Example 4-6. Using parse_array()

/*
array return_array (string unparsed, string beg, string end)
Where
    unparsed is the string to parse
    beg is a reoccurring beginning delimiter
    end is a reoccurring ending delimiter
    array contains every occurrence of what's found between beginning and end.
*/

This simple parse is also useful for parsing tables, meta tags, formatted text, video, or any other parts of web pages defined between reoccurring HTML tags.

The script in Example 4-7 uses the parse_array() function to parse and display all the meta tags on the FBI website. Meta tags are primarily used to define a web page’s content to a search engine.

This code could be incorporated with the project in Chapter 11 to determine how adjustments in your meta tags affect your ranking in search engines.
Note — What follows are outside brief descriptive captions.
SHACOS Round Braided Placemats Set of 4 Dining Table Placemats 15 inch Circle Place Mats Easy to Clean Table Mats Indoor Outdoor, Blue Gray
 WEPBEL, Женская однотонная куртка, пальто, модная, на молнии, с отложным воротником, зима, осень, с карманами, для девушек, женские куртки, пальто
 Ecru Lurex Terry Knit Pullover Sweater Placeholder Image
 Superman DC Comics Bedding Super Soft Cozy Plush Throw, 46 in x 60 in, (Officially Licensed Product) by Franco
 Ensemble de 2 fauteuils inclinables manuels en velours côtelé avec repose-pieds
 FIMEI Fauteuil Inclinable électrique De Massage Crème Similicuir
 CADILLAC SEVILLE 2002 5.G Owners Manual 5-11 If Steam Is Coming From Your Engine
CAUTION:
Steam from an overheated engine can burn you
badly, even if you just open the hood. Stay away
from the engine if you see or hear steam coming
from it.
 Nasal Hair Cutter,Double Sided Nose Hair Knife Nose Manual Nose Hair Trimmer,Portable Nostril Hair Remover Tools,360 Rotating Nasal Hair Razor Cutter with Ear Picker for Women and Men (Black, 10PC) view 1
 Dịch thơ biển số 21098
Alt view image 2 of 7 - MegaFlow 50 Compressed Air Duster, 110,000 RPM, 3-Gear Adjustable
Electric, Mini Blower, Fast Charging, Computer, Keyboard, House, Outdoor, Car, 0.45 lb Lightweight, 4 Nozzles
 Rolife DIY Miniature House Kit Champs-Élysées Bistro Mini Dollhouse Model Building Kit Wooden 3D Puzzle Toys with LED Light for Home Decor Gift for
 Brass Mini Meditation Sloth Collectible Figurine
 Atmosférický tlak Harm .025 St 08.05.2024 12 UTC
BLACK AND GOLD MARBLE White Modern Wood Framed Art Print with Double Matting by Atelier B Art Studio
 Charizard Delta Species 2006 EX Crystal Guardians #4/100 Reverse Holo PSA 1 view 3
To parse all the meta tags, the function must be told to return all instances that occur between <meta and >. Again, notice that the script only uses enough of each delimiter to uniquely identify where a meta tag starts and ends. Remember that the definitions you apply for start and stop variables must apply for each data set you want to parse.

Example 4-7. Using parse_array() to parse all the meta tags from http://www.fbi.gov

include("LIB_parse.php");    # Include parse library
include("LIB_http.php");     # Include PHP/CURL library
$web_page = http_get($target="http://www.fbi.gov", $referer="");
$meta_tag_array = parse_array($web_page['FILE'], "<meta", ">");

for($xx=0; $xx<count($meta_tag_array); $xx++)
    echo $meta_tag_array[$xx]."\n";

When the script in Example 4-7 runs, the result should look like Example 4-8.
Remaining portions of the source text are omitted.